In this example, however, note that you would need to pay commissions to enter and exit the market, which would eat into profits. Also, you may need to pay capital gains tax on the amount that you earn on the trade. Furthermore, you would need a lot of capital to put down unless you have margin for trade. The entire trade would cost $20,000 outside of the fees and taxes, so for many people, such a purchase would not be feasible.  

Now imagine the same scenario as a spread bet. You can buy shares of Company X at $200. The next step in the process is deciding on a point value. A point is the minimum amount of movement in price and asset may make. Often, one point is one cent. Imagine that you take a buy or “up bet” on Company X at a value of $10 per point. If the stock increases to $205, then you just made $5,000 ($10 per point x 500 points/cents = $5,000).  

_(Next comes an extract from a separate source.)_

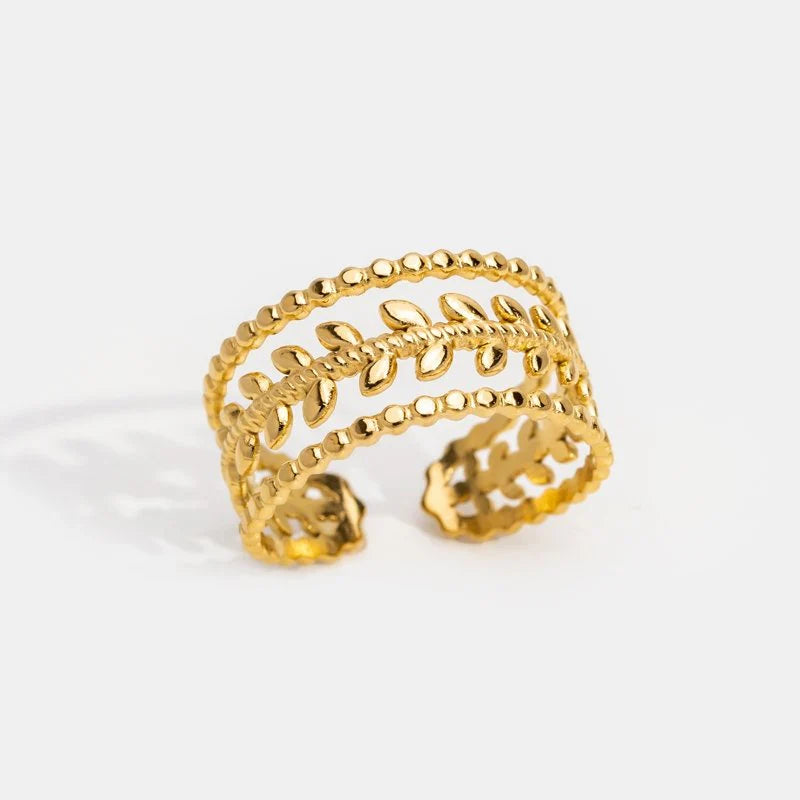 Vioraia Marissa Layered Gold Leaf Ring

Spread betting makes it possible to profit without as large of an upfront investment. Furthermore, you will not need to pay any commissions and might not even owe taxes, depending on your jurisdiction. In addition, you were not required to put down any money to make this gain, unlike in the stock example that required thousands of dollars upfront. Of course, brokers usually require a deposit, but it is usually about 5 percent or so of the possible payout, which is much less than you would need to purchase the stock.  

2. The Major Risk Involved with Spread Betting 

Since much spread betting occurs on leverage, it is possible to make a lot of money with relatively little capital, as in the example above. However, the potential for major returns also means that you could experience major losses. In the example above, the cost of Company X stock could have fallen to $195, in which case you would owe $5,000. And because the broker sets the spread, you do not have a choice in how much it is possible to oh. 

When the market moves against you, the fallout can be catastrophic. When you are earning money, brokers are happy to continue working on leverage because they know that the odds are you will end up experiencing a major loss eventually. However, if you are in the red, brokers will not let you continue bettering until you pay. This means you never have the chance to earn money back, so you need to be prepared to lose when you spread bet.  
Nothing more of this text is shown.